+++ INPUT DATA
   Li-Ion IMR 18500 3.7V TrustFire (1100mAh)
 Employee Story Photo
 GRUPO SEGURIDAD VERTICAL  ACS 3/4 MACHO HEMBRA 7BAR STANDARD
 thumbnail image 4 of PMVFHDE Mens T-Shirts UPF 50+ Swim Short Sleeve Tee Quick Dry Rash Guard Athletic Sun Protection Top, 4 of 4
++++++
+++ INPUT DATA
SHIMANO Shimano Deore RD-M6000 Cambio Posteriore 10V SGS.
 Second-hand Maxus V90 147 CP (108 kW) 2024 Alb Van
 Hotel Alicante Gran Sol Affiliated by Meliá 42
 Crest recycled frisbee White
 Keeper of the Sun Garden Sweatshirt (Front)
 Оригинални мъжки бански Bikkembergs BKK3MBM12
++++++
Keeping every character as it is, restate the lines above that run from the line with "Hotel Alicante Gran" through the line with "Оригинални мъжки бански", both included, and nothing else.

 Hotel Alicante Gran Sol Affiliated by Meliá 42
 Crest recycled frisbee White
 Keeper of the Sun Garden Sweatshirt (Front)
 Оригинални мъжки бански Bikkembergs BKK3MBM12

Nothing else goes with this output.